If I hired you to paint my fence, and gave you $15 an hour to do so, sounds like a good deal for the right person, right? What if my fence happened to be enclosing my alligator refuge? Let’s say you took the job anyway because you needed the money. If you get attacked by an alligator, whose fault is it? Yours because you happened to piss off an alligator, or mine because I didn’t take proper safety precautions and hired the wrong person for the job hoping to save a buck?
Any system complicated enough to be worked on by engineers is dangerous, people’s jobs ride on the proper functioning of that system. Hiring skilled developers / engineers is intended to mitigate that risk. But there just aren’t enough highly-skilled and experienced engineers out there for everybody to fill their staffs with. Invariably it is required to hire junior developers.
Junior devs need safety rails and sandbox systems in which they can try stuff out and learn without putting production systems at risk. Because every system’s different and there are myriad setups out there, and you won’t always be able to find someone that’s got experience in your particular setup. This stuff times time and resources to build and maintain. The company has to value these things. When done right, safety becomes a culture within the organization.

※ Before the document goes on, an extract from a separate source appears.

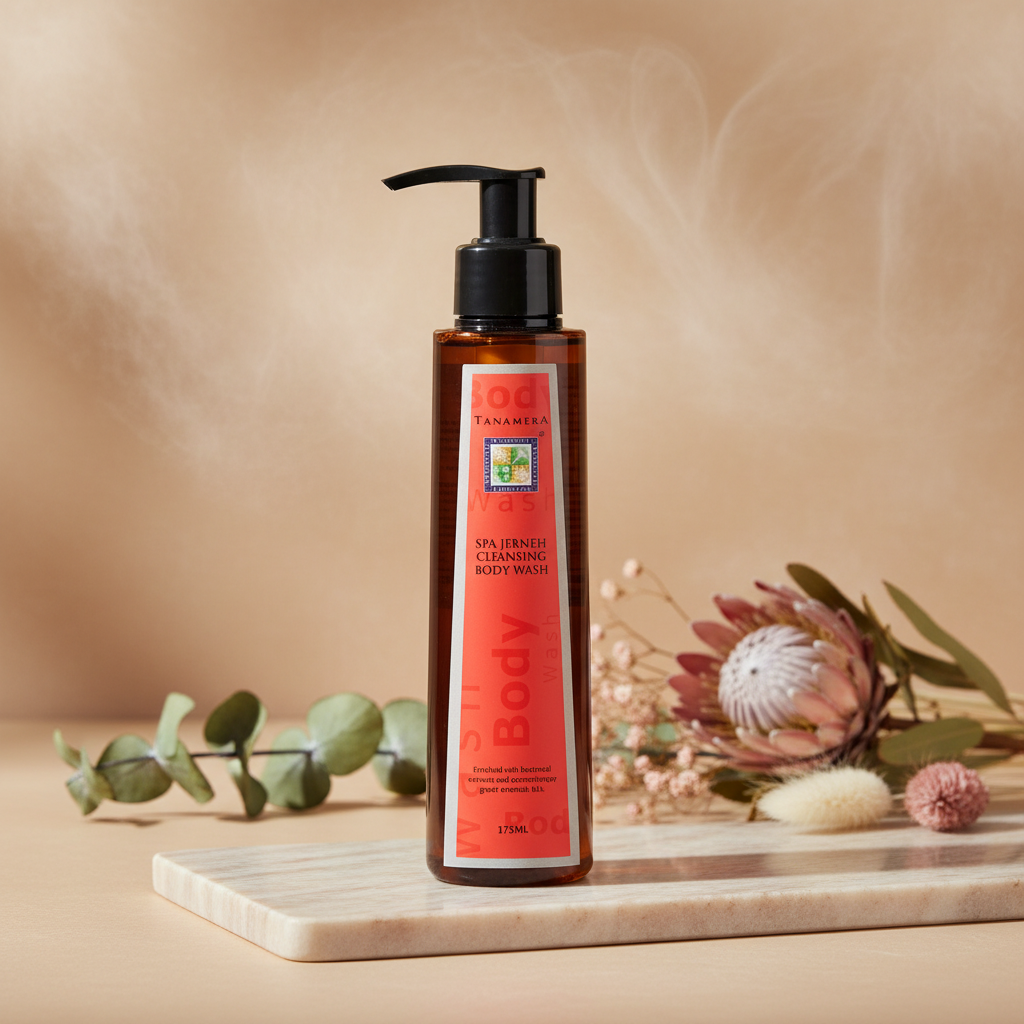 Tanahera Spa Fermented Cleansing Body Wash in a 150ml pump bottle, shown next to two red line-art icons with text describing skin benefits on a white background.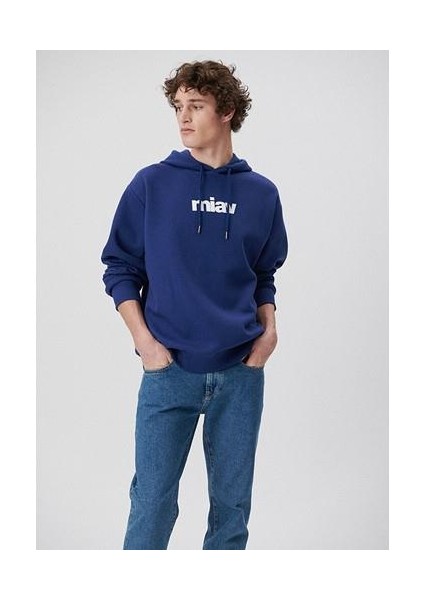 Miav Baskılı Kapüşonlu Mavi Sweatshirt 0S10001-70722 fiyatları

Second, the company needs to hire someone skilled enough to do proper architecture. Architecture is a high level plan for how the various moving parts of the system interact with each other. Ideally architecture is set once and then only changed extremely rarely, these changes planned for and executed with the utmost precision. In most outfits, architecture is an afterthought and everyone is in firefighting mode most of the time.
But with good architecture, there are always multiple fall-back points where you can get back to a known-good system state quickly should it ever be required. For example, everybody says they back up their systems, but very few people take the necessary next step and think about just how much disruption restoring from a backup is going to cause. They don’t run simulations where they take down production systems and restore from the backup, just to find out what’s likely to happen in these events. As a result, when disaster does strike, you run into issues with the restoration process at the worst possible time to run into them at.
I’m not saying proper architecture and safety culture is common, in fact, it’s very uncommon for these things to be done right. This is because you can drive business value without them, and do it more cheaply. Being that the usual approach of business is to do things more cheaply when possible, skimping on safety culture and thoughtful architecture is the far more common occurrence. And then they blame the poor junior schmuck for negligence when it all breaks.
Blame him all you want, but it’s your millions that are going to be lost.